#### Data
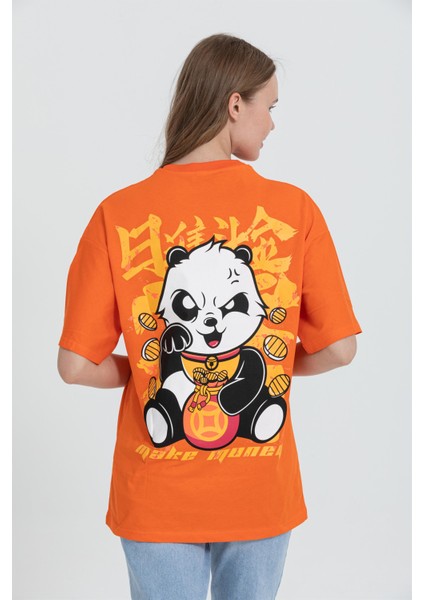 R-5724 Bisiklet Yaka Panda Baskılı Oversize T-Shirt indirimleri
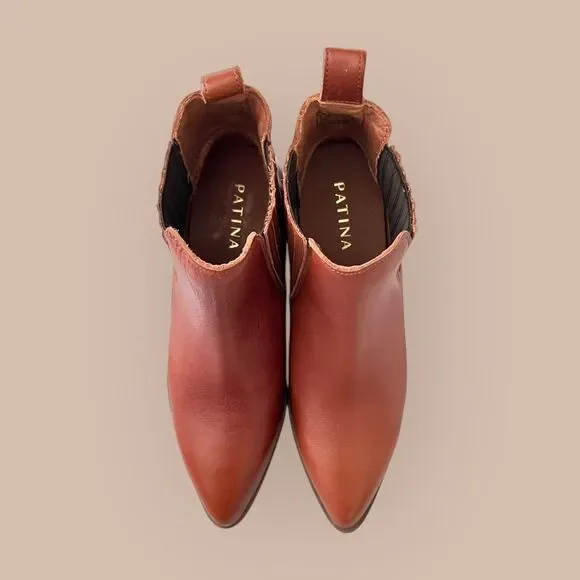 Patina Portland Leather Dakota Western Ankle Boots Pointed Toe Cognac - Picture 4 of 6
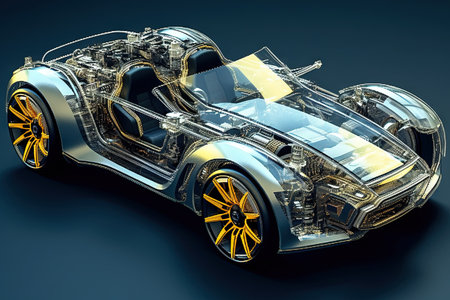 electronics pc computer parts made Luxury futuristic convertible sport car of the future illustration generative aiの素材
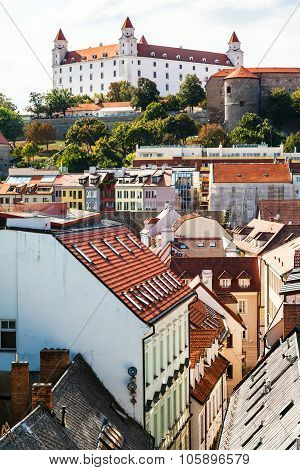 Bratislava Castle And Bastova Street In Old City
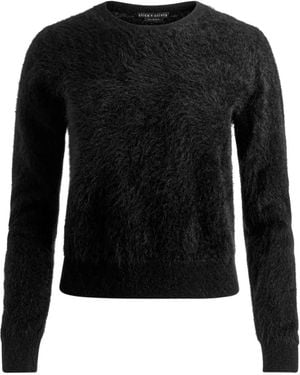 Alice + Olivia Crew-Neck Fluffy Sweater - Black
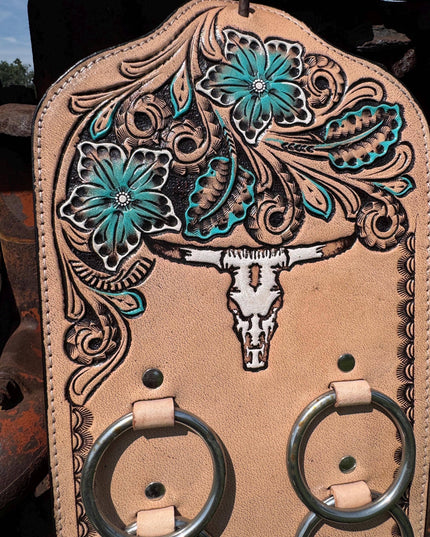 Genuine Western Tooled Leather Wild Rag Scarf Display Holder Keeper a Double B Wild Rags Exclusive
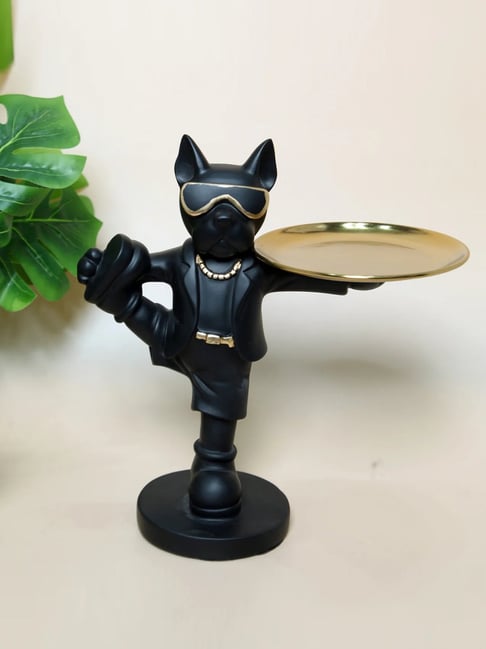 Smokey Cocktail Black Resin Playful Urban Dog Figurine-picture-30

#### Activity
Print the listing word for word, but omit the pictures.

#### Written answer
 R-5724 Bisiklet Yaka Panda Baskılı Oversize T-Shirt indirimleri
 Patina Portland Leather Dakota Western Ankle Boots Pointed Toe Cognac - Picture 4 of 6
 electronics pc computer parts made Luxury futuristic convertible sport car of the future illustration generative aiの素材
 Bratislava Castle And Bastova Street In Old City
 Alice + Olivia Crew-Neck Fluffy Sweater - Black
 Genuine Western Tooled Leather Wild Rag Scarf Display Holder Keeper a Double B Wild Rags Exclusive
 Smokey Cocktail Black Resin Playful Urban Dog Figurine-picture-30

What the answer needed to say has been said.